Data supplied |
'''

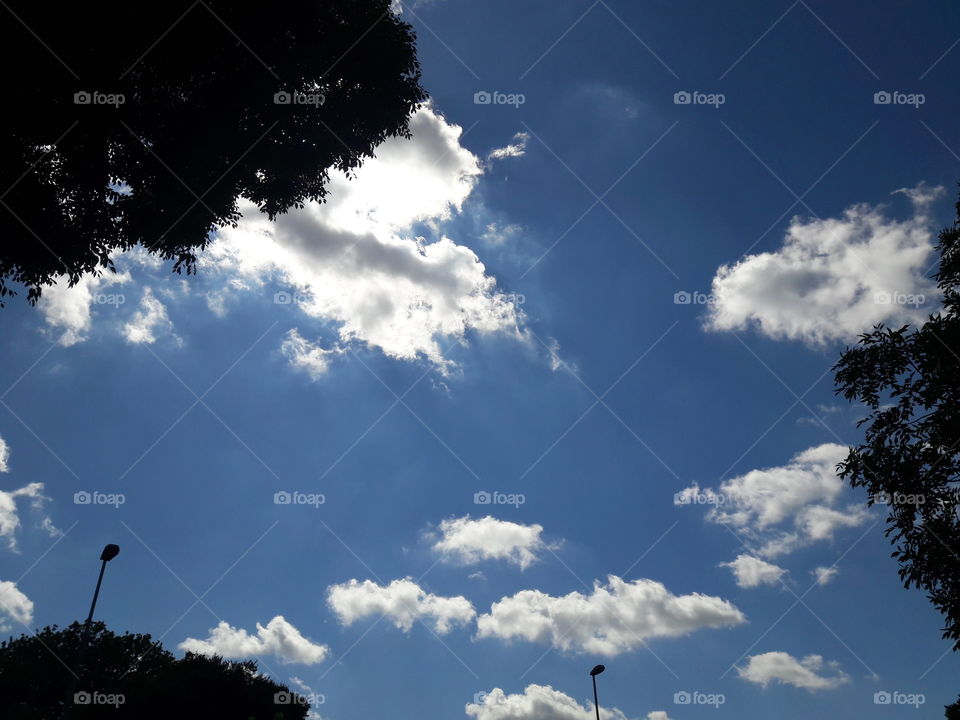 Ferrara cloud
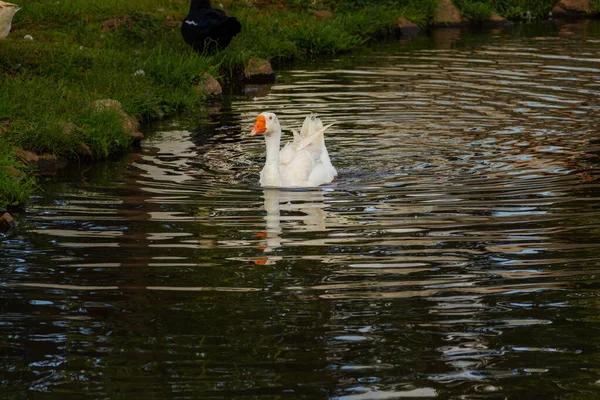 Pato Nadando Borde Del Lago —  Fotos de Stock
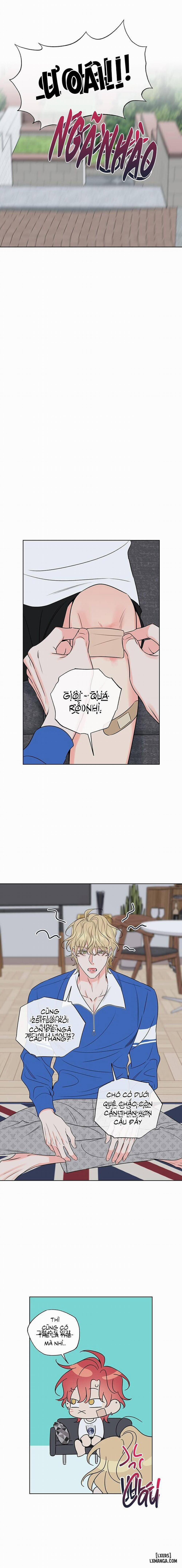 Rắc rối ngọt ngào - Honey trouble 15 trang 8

'''
'''

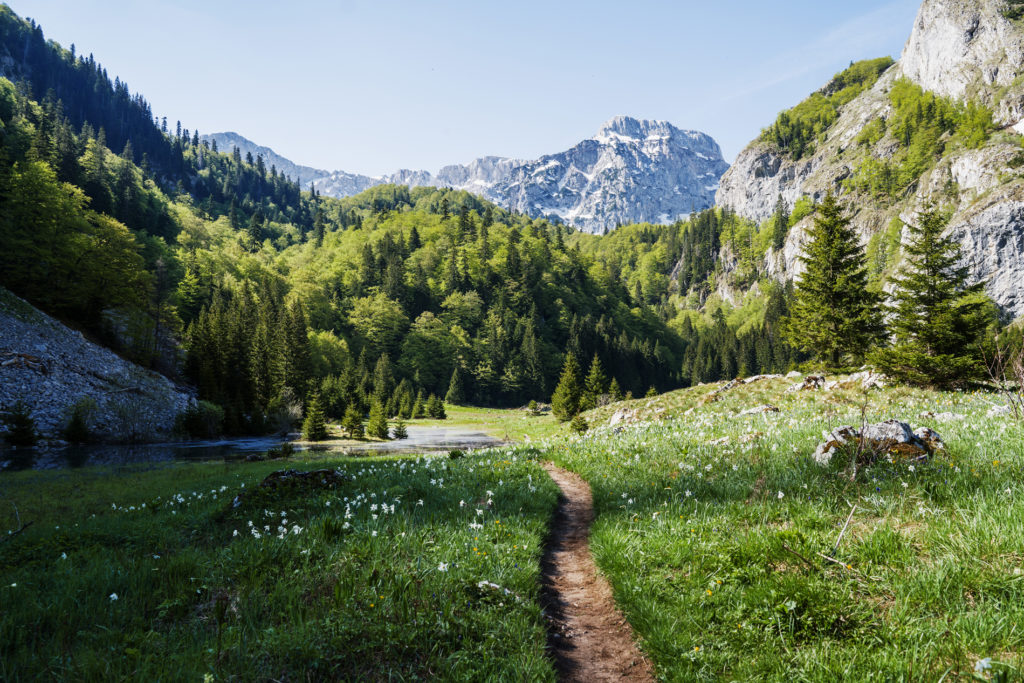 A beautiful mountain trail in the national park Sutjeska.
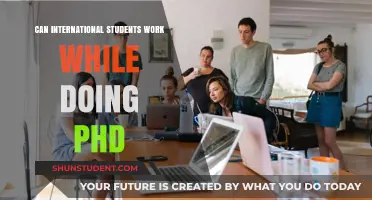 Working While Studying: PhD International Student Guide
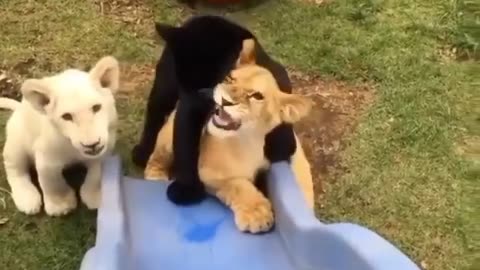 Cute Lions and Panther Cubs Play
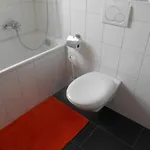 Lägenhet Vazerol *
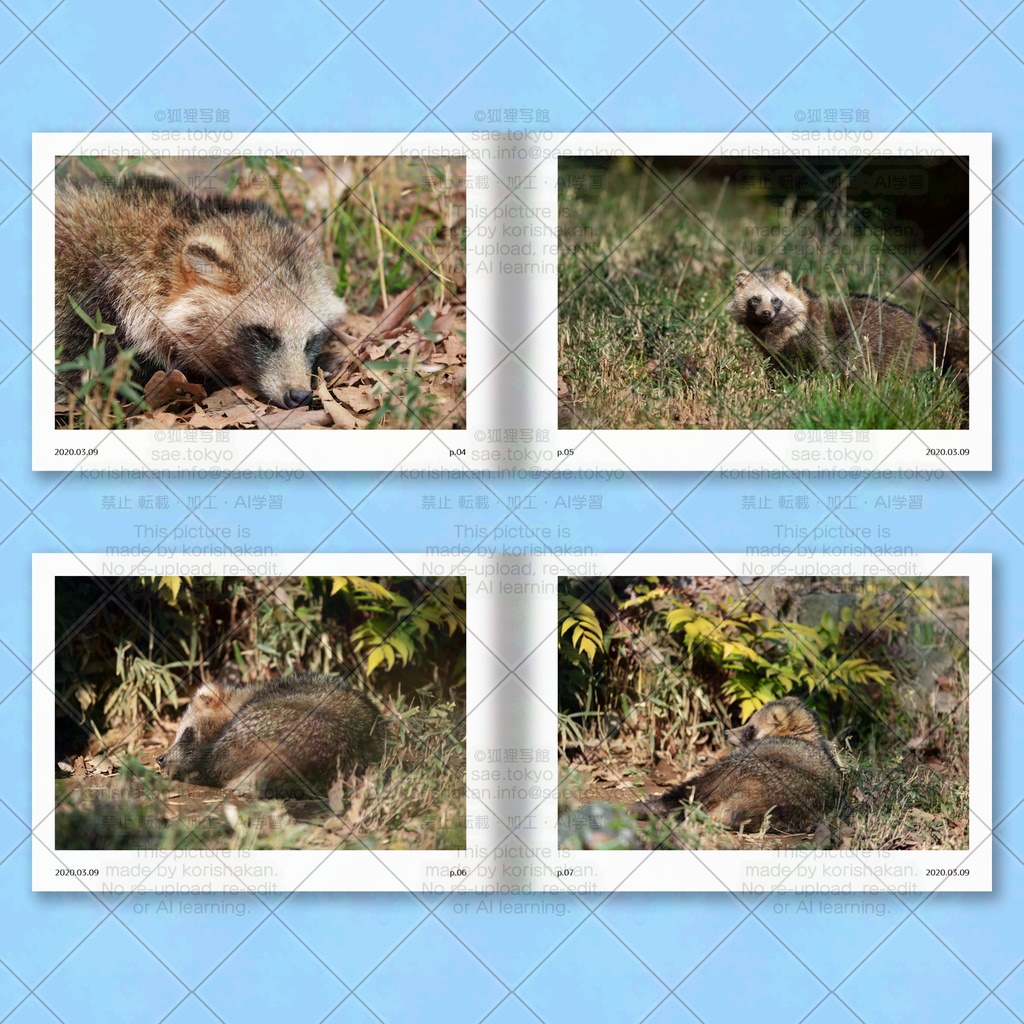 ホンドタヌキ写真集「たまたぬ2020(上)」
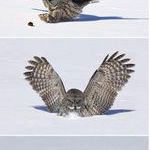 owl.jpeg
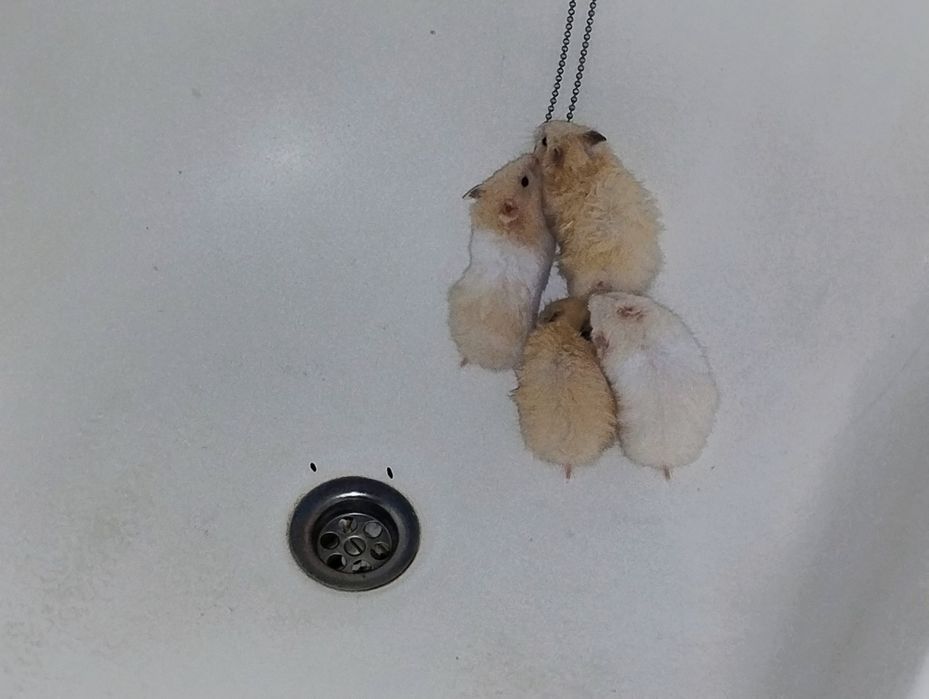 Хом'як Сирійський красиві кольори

'''

Find the line with "Working While Studying: PhD" in the data above, and from there retype each line exactly through the line with "Хом'як Сирійський красиві кольори", skipping the pictures along the way.

Output for this task |
 Working While Studying: PhD International Student Guide
 Cute Lions and Panther Cubs Play
 Lägenhet Vazerol *
 ホンドタヌキ写真集「たまたぬ2020(上)」
 owl.jpeg
 Хом'як Сирійський красиві кольори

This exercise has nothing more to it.